Of course, sometimes that’s easier said than done. Governance in shared interest communities is carried out by volunteers, and between jobs, families, and just busy lives in general, their response time can often be slower than residents would like. That doesn’t mean that a board has abdicated its duties, says Piekarsky.  “Boards aren’t dragging their feet purposefully,” he notes—they may be gathering information or looking into a situation in order to render a more informed, substantive answer to a member’s query or complaint. 

Common Complaints & Mistakes 

Multifamily residents voice complaints over a wide range of issues, often revolving around what the board is not doing. Among the most common grievances are boards holding meetings without giving owners adequate (or any) notice, not holding open meetings, or drafting and adopting budgets without any input from the residents footing the bill. Quality-of-life complaints are also rife; everything from noise issues to lax access control can lead to much larger conflicts if not dealt with proactively. 

“One of the most difficult aspects of dealing with owner complaints is their subjectivity,” says Kasten. “Sometimes an owner raises a legitimate issue impacting the community that the board should address. Unfortunately however, sometimes owners complain unreasonably about situations that simply cannot be avoided when many people live in close proximity to each other. Take sound transference for example. The construction of a building may make it nearly impossible to eliminate all sounds coming from neighboring units. For a very sensitive owner, even faint sounds, barely audible unless there is complete silence, can be a source of complaints. The board should treat all complaints seriously and the same. However, a complaining owner who is very sensitive may never be satisfied. In those situations, the board, with advice from its attorney, will have to make a decision as to when it has taken sufficient action and can close the file.”

Cohen notes that in his experience, “There are two types of board members.  Either they see transparency as a double-edged sword and don’t like it, or they are comfortable with it. The former type can lead to conflict with the residents. We prefer to work with the latter type, but we don’t pick the board; the community members do. We believe transparency is the right way—really the only way—to run a community.”

What Not to Share

As previously mentioned, upholding a policy of information sharing doesn’t mean that non-board residents have the right to demand access to every document or decision the board makes. Some items, like residents who may be in arrears, or who have their own litigation pending with the board, management, or other residents, should be discussed in closed session, and otherwise kept confidential. 

“Boards and board members must show discretion about what they say and do,” says Wolf. “We go to private or executive session meetings to discuss issues that require discretion like fines or arrearages, things the board can’t talk about publicly. During the executive session, we cover issues and topics that require discretion and privacy. 

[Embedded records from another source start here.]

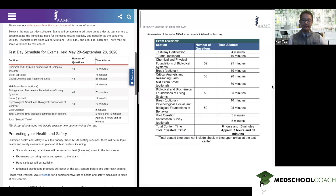Hey everyone. In the last video we mentioned that we would record another video where we would explain how to take the AAMC practice exams in the shortened format of the MCAT this summer. And that's exactly what we're going to do in this video. But before that, I want to remind everyone about the differences between the normal MCAT exam and the shortened version that's going to be offered this summer.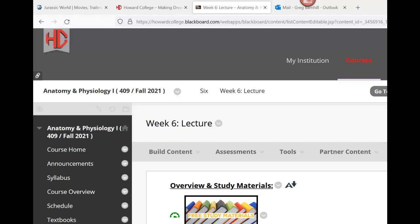Hello everyone, this is week six. Week eight is actually halfway, so the semester is definitely going on.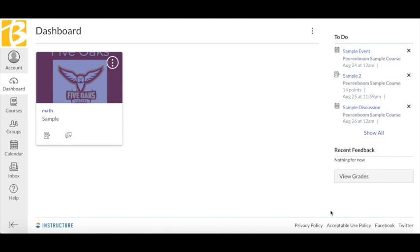Start by clicking on the account icon on the left of the screen, then choose Notifications.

“There are also times in an open meeting when an owner may have an issue they want to discuss privately with the board,” he continues. “We can schedule a session for them and add them to the [otherwise closed] meeting. This protects their privacy.” Wolf notes that board members are made aware of what types of information are protected when they are elected, and that managers and association attorneys monitor what information is released, and why. “Discretion should be shown with personal and financial info and situations like health issues,” he says, “but otherwise transparency and more of it is a good thing.”

Improving Responsiveness

Piekarsky suggests several ways boards and managers can improve responsiveness and transparency. “Websites are an excellent way of getting information out there. Regular communications and newsletters are good alternatives, but board members are unpaid volunteers, and that requires extra effort on their part.  Boards can certainly ask their management to do a newsletter, though in some cases, the management company may charge for that.”

Another option, continues Piekarsky, is open meetings, both in-person and on virtual platforms. “I think open meetings and platforms are important,” he says. “A lot of people like an open forum where they can ask questions and be heard.  Often, just being heard may be more important than the issue itself—though that depends upon the person asking. If they have a beef with the board, they want to be heard. They want the big forum, in-person format to communicate and build consensus.”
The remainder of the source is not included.